Hi, in some experiments, I’m seeing that if I launch an application from Gnome Shell (i.e., from a .desktop definition) the application has environment variables that I set in .bashrc or .bash_profile, but not in .profile. I am wondering why Gnome Shell sources these files, since in principle they are specific to bash. Is this based on the user’s choice of login shell? Would it source other files if a different shell was selected?

On a related note, does the EXEC line in a .desktop definition get called directly, or passed to a shell, like “bash -c”?

Hello! If there is a DBusActivatable=true line in the .desktop file and there is DBus, then the Exec line is not executed. Instead, DBus looks for a .service file to launch the application. In this case, the application gets the invironment of the DBus process, which, in case of systemd, is detemined by systemd. It can be configured for all processes per the manual page of systemd-system.conf, usually by ManagerEnvironment option since systemd version 256.1.

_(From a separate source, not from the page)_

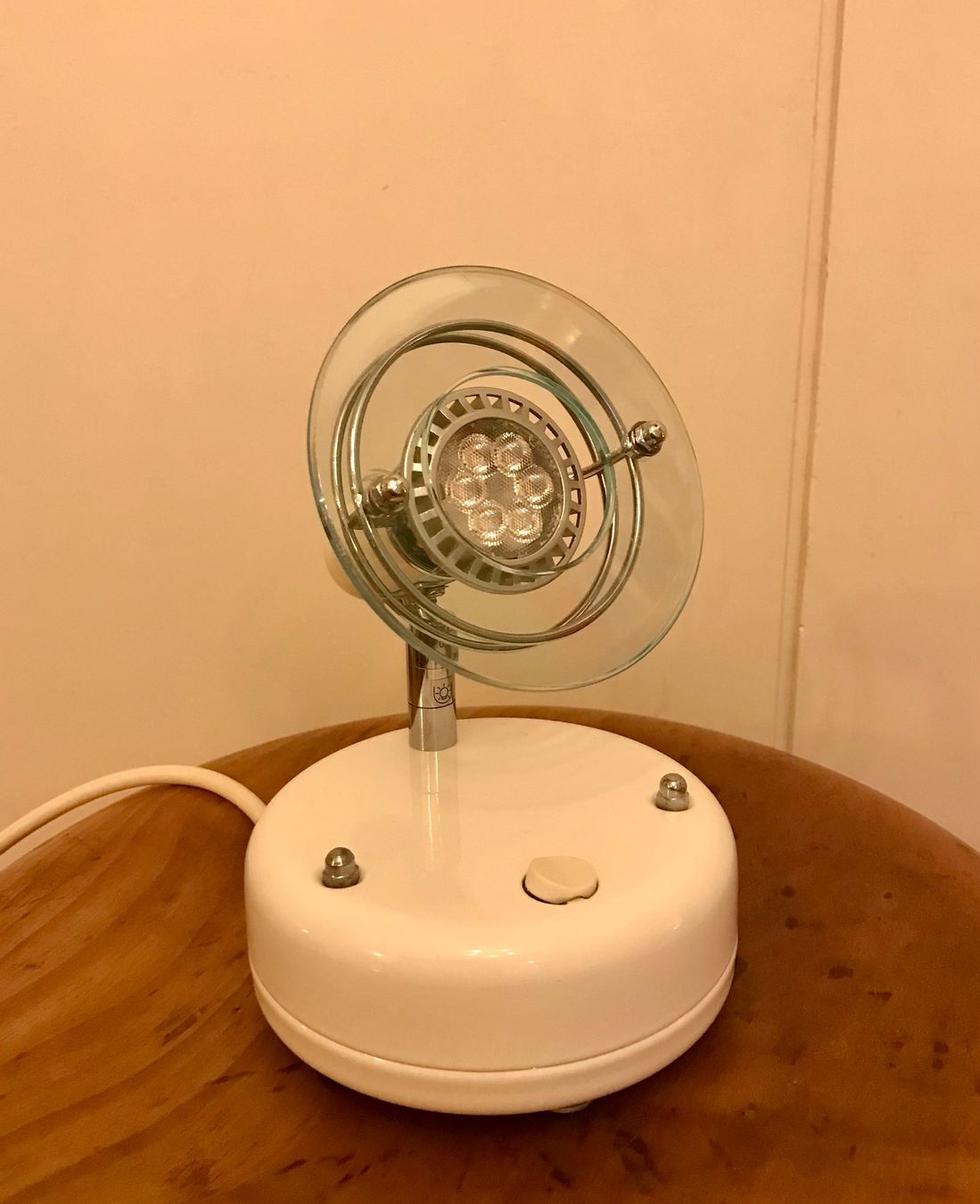 Lampade: Vintage Tisch-/Wandlampe – Usato da Basel venduto da nostanz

To check the DBus user session environment, which is passed to user-launched applications, I would look up the DBus service PID in the output of systemctl --user status dbus and then look up the invornment with strings /proc/$PID/environ, where $PID needs to be replaced by the looked-up PID.

For posterity:

I see that on my Guix system, none of the .desktop files use the DBus line. Also, I see that the Dbus daemon has a very simple environment, consisting of simply “PATH=/run/current-system/profile/bin”.

I see also that the Exec lines all point to files in the Guix store which are in fact bash shell scripts, which set up the environment, and then launch the real binary with a bash exec call. So I think this explains how the applications are getting variables from my .bashrc and .bash_profile.